Start of GIVEN RECORDS

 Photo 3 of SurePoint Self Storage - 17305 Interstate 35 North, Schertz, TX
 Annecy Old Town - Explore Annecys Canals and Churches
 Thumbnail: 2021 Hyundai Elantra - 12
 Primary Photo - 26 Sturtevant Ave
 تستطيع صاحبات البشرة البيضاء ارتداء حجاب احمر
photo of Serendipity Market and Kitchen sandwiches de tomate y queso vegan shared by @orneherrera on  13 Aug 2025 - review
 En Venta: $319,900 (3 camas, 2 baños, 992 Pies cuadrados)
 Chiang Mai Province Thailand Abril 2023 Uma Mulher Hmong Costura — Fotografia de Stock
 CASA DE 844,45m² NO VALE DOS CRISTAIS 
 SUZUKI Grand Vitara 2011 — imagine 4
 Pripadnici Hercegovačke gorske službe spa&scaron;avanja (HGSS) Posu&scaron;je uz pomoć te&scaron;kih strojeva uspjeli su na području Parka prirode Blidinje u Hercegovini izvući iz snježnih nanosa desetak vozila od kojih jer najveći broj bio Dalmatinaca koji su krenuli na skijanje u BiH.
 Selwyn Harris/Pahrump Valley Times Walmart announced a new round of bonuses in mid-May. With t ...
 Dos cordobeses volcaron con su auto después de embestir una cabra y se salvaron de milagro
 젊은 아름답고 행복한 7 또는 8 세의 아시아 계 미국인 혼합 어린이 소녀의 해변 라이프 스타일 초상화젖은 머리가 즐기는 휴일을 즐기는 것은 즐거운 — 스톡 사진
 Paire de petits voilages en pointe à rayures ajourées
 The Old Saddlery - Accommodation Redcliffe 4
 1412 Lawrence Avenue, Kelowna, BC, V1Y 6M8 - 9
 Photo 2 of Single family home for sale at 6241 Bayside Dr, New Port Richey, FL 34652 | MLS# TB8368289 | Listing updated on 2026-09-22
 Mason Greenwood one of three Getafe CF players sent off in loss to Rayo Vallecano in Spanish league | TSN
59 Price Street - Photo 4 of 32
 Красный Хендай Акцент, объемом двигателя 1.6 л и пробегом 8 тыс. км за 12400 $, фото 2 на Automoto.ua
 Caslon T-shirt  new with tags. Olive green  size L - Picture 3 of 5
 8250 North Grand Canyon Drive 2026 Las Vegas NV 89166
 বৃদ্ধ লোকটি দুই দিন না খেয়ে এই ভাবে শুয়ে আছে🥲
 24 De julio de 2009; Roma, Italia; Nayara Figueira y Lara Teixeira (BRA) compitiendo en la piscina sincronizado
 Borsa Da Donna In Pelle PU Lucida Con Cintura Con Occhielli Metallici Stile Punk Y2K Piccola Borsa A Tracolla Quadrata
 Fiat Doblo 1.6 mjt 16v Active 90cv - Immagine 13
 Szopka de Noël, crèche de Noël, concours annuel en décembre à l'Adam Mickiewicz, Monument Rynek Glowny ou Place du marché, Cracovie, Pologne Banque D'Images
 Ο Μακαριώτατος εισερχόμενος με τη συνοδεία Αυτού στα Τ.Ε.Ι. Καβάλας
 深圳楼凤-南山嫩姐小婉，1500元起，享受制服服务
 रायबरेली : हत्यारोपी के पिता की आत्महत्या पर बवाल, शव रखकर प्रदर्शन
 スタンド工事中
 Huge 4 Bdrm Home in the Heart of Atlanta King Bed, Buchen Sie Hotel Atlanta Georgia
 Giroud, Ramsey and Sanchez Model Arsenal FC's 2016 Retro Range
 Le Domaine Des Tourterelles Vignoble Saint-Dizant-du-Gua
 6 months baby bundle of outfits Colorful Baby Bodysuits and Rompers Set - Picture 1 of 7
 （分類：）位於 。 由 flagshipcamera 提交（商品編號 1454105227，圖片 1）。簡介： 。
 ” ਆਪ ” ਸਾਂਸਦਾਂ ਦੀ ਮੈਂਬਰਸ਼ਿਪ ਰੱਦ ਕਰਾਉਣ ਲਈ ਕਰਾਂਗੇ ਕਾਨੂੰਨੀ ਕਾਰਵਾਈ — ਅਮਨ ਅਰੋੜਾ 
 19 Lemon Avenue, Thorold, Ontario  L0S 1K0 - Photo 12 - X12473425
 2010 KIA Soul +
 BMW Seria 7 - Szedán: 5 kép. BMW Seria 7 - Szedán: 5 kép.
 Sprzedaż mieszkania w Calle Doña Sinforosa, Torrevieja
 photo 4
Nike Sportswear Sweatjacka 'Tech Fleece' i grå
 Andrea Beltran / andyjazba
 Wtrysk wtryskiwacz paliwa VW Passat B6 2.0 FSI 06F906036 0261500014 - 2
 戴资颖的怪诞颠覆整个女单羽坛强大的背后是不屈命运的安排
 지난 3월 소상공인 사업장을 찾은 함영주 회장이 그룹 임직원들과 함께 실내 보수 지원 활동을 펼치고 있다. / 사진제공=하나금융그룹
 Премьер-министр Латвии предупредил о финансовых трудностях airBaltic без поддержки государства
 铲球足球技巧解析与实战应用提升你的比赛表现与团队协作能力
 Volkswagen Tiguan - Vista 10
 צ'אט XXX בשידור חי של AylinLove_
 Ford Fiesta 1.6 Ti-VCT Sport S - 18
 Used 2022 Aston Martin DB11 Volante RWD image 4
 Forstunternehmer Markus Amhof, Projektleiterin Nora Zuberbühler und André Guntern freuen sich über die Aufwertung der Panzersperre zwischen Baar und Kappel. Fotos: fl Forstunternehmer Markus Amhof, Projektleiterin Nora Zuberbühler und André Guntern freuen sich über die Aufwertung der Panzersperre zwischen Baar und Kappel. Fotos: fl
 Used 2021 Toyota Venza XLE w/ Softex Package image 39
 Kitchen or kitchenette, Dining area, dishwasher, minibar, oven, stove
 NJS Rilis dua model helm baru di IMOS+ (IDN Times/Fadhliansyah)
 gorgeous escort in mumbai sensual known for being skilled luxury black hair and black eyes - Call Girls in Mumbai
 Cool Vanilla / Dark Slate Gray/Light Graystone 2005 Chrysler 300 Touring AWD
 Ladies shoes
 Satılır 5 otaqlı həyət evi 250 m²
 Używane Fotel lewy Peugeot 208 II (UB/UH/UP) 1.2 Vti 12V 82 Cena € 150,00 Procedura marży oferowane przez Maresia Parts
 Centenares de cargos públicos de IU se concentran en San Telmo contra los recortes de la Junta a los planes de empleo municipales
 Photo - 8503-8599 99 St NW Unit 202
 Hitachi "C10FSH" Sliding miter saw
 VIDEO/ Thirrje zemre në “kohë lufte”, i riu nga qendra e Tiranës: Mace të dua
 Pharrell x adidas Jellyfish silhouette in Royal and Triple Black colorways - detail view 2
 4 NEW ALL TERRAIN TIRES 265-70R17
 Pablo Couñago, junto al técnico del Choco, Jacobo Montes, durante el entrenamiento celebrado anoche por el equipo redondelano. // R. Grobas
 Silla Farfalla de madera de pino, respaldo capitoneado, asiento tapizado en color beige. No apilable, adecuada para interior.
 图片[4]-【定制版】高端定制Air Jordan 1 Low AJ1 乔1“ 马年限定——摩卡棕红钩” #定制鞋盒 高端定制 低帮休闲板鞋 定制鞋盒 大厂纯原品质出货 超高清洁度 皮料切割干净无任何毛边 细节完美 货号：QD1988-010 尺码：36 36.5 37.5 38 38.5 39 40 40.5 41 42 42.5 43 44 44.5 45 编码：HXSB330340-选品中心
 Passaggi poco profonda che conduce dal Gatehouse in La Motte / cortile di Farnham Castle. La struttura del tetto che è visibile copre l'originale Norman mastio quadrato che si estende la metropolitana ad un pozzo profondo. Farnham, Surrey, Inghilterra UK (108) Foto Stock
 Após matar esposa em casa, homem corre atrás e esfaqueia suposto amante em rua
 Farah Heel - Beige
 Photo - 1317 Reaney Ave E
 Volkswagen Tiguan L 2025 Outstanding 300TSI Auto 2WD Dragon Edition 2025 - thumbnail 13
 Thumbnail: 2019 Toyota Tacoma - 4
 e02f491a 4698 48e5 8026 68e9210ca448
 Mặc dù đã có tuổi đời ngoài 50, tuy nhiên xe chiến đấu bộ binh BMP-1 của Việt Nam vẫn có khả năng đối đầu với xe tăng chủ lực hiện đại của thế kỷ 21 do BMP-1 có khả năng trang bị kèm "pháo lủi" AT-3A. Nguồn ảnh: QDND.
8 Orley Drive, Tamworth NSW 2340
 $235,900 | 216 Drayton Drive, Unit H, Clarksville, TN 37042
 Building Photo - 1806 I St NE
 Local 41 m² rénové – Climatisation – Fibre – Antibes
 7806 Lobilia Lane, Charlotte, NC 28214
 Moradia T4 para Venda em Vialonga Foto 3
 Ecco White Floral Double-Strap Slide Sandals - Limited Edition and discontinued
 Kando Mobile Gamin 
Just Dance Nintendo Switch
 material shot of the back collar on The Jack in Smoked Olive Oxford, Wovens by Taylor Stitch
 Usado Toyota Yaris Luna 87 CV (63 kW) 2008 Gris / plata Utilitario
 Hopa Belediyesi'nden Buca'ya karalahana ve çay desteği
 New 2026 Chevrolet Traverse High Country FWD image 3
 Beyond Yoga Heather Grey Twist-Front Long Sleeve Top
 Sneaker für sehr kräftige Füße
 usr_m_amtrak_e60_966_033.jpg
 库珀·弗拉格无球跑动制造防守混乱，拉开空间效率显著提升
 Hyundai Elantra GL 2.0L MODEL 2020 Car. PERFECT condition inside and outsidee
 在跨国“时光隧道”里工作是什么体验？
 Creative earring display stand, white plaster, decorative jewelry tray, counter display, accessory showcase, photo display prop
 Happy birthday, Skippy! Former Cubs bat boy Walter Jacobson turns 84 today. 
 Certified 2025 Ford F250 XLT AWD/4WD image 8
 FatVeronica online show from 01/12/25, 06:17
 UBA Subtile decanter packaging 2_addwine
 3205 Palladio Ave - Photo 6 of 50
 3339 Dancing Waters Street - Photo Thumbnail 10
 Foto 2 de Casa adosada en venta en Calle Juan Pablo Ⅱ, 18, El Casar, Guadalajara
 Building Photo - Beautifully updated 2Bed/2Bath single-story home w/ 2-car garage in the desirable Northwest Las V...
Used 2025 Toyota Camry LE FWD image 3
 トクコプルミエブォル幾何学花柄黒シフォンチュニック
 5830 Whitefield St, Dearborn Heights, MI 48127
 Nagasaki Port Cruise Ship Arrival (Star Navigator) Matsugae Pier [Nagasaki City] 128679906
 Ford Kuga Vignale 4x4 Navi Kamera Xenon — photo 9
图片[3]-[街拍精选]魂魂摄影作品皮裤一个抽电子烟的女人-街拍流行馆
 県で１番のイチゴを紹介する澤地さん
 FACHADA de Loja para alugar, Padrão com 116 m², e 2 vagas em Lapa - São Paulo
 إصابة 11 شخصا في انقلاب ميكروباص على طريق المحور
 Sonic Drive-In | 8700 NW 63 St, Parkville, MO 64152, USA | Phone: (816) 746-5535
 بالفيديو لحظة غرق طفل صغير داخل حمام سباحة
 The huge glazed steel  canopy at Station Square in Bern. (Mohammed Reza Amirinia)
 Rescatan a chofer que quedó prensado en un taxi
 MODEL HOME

End of GIVEN RECORDS

> TRY IT: Each line of the records that holds the word "Toyota" should be copied out.

> REPLY TO THE EXERCISE:
 Used 2021 Toyota Venza XLE w/ Softex Package image 39
 Thumbnail: 2019 Toyota Tacoma - 4
 Usado Toyota Yaris Luna 87 CV (63 kW) 2008 Gris / plata Utilitario
Used 2025 Toyota Camry LE FWD image 3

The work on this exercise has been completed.